$$\ddot y + y + \epsilon y^3 = 0$$ $$y(0) = a$$ $$\dot y = 0 $$
How do I solve this to first order using "ordinary asymptotic power series"? Frankly I don't see that term in the section in my book so I'm confused where to start. If someone could start me off that would hopefully help me see where this should be going.

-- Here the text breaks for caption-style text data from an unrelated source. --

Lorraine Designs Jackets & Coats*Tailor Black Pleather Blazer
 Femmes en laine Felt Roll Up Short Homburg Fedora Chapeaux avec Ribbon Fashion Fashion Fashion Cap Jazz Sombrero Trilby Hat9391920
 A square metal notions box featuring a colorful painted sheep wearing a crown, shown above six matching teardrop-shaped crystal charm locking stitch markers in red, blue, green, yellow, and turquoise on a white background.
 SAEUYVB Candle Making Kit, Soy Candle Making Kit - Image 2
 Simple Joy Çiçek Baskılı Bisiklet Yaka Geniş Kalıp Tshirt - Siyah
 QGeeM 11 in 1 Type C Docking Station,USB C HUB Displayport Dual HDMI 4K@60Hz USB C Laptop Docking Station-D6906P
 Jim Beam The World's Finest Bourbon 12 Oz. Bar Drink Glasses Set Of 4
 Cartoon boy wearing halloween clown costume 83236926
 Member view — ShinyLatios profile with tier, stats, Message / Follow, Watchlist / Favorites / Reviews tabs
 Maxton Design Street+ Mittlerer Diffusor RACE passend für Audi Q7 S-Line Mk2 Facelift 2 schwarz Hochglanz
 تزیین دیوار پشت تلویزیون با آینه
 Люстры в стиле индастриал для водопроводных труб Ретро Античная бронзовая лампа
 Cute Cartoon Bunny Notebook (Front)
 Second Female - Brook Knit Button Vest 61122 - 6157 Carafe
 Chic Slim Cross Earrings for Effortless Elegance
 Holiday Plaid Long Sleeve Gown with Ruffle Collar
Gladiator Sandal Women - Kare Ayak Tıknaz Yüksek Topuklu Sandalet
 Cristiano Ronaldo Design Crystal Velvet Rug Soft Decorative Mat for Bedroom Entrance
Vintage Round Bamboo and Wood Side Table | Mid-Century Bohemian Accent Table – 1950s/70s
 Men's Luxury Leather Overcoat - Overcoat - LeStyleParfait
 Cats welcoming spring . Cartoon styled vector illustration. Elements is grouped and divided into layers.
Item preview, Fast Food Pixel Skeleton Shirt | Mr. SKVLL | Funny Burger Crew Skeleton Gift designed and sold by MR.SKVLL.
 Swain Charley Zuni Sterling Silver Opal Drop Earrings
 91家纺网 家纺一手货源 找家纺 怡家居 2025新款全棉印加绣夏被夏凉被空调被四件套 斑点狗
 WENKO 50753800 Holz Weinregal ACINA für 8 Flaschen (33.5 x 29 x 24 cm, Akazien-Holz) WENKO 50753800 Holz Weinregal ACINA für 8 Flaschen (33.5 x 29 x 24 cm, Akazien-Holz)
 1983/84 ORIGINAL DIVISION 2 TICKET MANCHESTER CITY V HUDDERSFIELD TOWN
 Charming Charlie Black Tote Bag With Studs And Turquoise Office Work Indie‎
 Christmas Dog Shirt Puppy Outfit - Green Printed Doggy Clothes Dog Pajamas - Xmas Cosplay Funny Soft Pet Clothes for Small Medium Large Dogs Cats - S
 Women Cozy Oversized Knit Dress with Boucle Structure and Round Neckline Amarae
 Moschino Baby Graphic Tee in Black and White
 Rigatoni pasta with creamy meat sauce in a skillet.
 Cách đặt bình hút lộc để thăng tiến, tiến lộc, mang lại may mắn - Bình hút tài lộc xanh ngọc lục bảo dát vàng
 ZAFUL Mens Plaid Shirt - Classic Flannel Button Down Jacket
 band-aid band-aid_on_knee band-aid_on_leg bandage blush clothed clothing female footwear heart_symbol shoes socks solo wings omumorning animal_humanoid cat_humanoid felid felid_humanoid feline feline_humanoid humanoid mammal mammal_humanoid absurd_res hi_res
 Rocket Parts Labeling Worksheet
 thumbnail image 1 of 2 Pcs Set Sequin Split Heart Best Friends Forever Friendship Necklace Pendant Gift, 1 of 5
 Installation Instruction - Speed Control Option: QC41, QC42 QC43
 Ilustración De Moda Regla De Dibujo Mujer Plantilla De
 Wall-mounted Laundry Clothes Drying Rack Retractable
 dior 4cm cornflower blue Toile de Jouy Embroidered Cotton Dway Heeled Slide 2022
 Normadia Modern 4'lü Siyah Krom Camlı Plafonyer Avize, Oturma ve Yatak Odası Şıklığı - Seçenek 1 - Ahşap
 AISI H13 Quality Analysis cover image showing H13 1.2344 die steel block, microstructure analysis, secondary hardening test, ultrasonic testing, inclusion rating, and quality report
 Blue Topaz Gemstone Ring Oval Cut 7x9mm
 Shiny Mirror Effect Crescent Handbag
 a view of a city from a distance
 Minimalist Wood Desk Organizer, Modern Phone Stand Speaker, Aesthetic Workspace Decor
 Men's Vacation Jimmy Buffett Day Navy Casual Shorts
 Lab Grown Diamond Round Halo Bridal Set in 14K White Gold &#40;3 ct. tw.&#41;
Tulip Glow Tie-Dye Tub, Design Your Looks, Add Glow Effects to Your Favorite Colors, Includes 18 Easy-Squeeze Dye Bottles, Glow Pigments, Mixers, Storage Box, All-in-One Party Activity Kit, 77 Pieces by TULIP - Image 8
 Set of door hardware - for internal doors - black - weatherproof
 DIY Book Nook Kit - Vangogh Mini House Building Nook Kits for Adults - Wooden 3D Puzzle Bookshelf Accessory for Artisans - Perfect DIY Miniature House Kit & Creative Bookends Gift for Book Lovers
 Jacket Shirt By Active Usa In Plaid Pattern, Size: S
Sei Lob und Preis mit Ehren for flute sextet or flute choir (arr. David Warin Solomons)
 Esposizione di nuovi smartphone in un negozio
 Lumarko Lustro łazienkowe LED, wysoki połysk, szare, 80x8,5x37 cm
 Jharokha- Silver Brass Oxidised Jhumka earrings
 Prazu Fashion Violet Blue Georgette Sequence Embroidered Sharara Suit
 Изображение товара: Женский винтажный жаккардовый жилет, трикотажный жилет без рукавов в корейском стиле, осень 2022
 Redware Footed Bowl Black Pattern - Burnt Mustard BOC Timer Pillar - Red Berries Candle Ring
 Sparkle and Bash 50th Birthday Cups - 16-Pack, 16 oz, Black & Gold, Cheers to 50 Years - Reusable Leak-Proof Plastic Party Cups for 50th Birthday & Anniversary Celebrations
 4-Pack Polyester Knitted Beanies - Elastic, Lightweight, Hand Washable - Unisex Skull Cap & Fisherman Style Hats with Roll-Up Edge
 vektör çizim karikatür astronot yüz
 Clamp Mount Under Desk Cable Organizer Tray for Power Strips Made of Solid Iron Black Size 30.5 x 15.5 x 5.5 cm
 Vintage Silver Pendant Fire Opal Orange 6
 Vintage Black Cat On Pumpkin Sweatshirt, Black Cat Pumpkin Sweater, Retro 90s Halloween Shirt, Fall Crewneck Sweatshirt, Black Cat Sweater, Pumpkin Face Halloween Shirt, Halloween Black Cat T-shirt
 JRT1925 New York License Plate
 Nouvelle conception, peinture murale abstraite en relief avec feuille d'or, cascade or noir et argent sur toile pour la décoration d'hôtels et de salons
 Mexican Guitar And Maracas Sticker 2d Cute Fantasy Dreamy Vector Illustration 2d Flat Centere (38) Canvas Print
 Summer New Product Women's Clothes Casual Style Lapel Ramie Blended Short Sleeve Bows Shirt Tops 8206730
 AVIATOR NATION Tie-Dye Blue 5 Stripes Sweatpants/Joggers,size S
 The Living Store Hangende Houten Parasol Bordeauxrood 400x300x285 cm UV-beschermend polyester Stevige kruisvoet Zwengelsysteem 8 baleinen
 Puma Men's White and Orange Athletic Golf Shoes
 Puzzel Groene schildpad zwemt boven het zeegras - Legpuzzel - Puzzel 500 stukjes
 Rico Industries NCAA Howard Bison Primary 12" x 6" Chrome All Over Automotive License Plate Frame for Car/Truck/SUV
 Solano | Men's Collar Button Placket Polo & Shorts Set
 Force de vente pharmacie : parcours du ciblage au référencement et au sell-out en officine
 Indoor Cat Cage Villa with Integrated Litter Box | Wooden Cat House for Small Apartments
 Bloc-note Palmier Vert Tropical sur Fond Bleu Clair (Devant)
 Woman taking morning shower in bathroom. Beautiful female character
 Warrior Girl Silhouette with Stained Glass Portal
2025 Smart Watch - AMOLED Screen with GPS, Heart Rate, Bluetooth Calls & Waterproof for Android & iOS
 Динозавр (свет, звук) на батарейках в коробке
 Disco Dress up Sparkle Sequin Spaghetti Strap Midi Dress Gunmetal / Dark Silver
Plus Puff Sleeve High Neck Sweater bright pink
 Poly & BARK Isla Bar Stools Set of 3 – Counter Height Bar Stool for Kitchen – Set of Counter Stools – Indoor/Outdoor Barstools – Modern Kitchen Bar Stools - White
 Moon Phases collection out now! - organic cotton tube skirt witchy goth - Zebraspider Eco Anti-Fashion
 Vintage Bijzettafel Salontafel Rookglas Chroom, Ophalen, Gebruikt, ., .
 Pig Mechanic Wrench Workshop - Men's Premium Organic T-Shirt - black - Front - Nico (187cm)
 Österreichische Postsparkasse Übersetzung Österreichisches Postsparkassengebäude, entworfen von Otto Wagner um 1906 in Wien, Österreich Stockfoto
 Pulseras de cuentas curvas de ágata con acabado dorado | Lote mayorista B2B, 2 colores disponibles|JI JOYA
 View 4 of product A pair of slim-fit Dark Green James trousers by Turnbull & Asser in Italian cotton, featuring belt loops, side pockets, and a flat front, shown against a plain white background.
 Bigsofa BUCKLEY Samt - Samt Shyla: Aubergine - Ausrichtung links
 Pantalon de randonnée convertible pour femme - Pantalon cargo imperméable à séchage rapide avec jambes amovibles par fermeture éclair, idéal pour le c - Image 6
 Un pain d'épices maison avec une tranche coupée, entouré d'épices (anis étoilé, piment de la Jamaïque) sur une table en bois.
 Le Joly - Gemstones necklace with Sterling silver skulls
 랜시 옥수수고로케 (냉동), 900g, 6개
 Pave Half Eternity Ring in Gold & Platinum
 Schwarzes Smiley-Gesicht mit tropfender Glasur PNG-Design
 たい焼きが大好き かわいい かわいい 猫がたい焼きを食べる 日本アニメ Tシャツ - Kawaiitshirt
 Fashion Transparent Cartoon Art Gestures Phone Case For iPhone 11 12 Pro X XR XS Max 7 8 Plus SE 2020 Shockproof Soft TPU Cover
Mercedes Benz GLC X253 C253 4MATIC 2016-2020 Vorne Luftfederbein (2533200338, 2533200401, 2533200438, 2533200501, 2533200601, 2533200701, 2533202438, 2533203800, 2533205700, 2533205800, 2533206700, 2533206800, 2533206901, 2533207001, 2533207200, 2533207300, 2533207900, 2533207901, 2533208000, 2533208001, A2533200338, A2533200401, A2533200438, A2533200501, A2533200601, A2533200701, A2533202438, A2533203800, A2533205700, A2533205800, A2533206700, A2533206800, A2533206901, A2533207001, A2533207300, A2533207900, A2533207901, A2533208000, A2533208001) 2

The key point is to make clear what variable or parameter the power series involves. Is it a power series such as $$\sum_{k=0}^\infty a_kx^k \text{ where }a_k \text{ is function of }\epsilon \text{ ?}$$ or $$\sum_{k=0}^\infty a_k\epsilon^k \text{ where }a_k \text{ is function of }x\text{ ?}$$
I tend to think it's the second, not the first. In this case we assume : $$y(x)=y_0(x)+y_1(x)\epsilon+y_2(x)\epsilon^2+...$$ Put it into the ODE : $$\left(y_0''+y_1''\epsilon+y_2''\epsilon^2+...\right)+\left(y_0''+y_1''\epsilon+y_2''\epsilon^2+...\right)+\epsilon \left(y_0+y_1\epsilon+y_2\epsilon^2+...\right)^3=0$$ This leads to the system of equations : $$\begin{cases} y_0''+y_0=0 \qquad (1)\\ y_1''+y_1+y_0^3=0 \qquad (2)\\ y_2''+y_2+3y_0^2y_1=0 \qquad (3)\\ \text{etc.} \end{cases}$$ Taking account of the boundary condition, once you have solved Eq.(1) for $y_0(x)$, you can put $y_0^3(x)$ into Eq.(2) and solve it for $y_1(x)$. Generally, this what is wanted, no more.
But, if the asymptotic $y(x)\simeq y_0(x)+y_1(x)\epsilon$ isn't a sufficient approximate, one can compute $3y_0^2y_1$ and put it into Eq.(3) , then solve it for $y_2(x)$ . An so on, if necessary.